* What the exercise asks *
All of the entries should be restated word for word, but without their pictures.

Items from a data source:
Start of Block

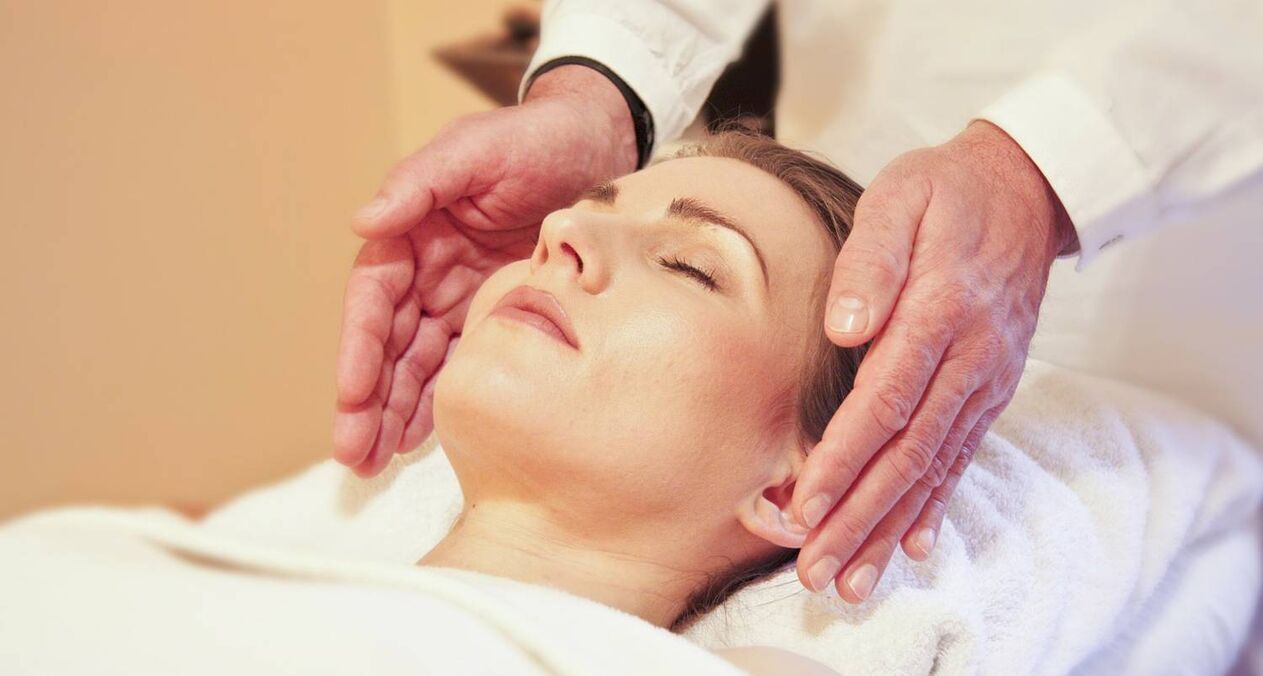 ماساژ کانتور صورت به عنوان راهی برای جوانسازی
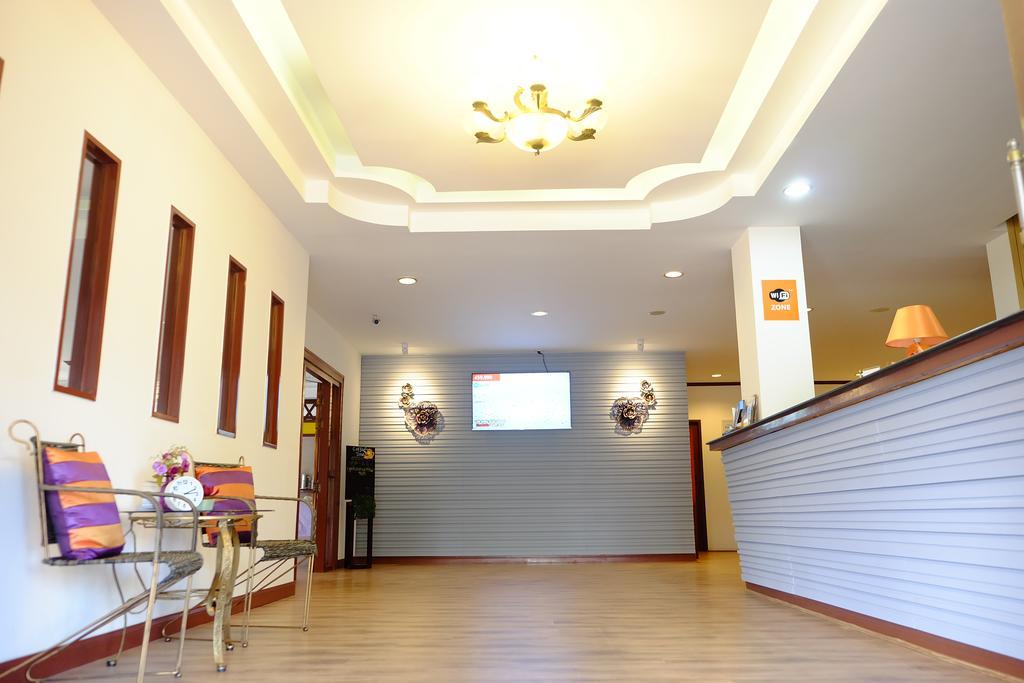 Studio Khon Kaen By Icheck Inn Kültér fotó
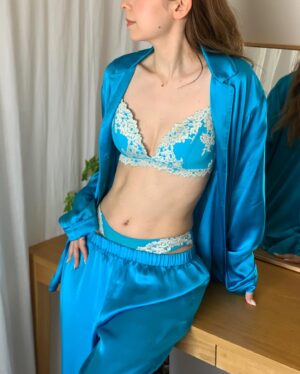 Naomi Lorraine Frank Instagram - .
.
ジェニファー ロペスがグローバルアンバサダーになった
ランジェリーブランドインティミッシミ🌹
@intimissimiofficial × @jlo 

ヘルシーな着心地でエレガントなデザインが素敵✨
テレビCMにも流れてるみたい❣️
.
.
#Intimissimi #インティミッシミ #intimissimigirls #adv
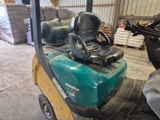 un chariot élévateur à deux places dans un entrepôt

End of Block

* Expected output *
 ماساژ کانتور صورت به عنوان راهی برای جوانسازی
 Studio Khon Kaen By Icheck Inn Kültér fotó
 Naomi Lorraine Frank Instagram - .
.
ジェニファー ロペスがグローバルアンバサダーになった
ランジェリーブランドインティミッシミ🌹
@intimissimiofficial × @jlo 

ヘルシーな着心地でエレガントなデザインが素敵✨
テレビCMにも流れてるみたい❣️
.
.
#Intimissimi #インティミッシミ #intimissimigirls #adv
 un chariot élévateur à deux places dans un entrepôt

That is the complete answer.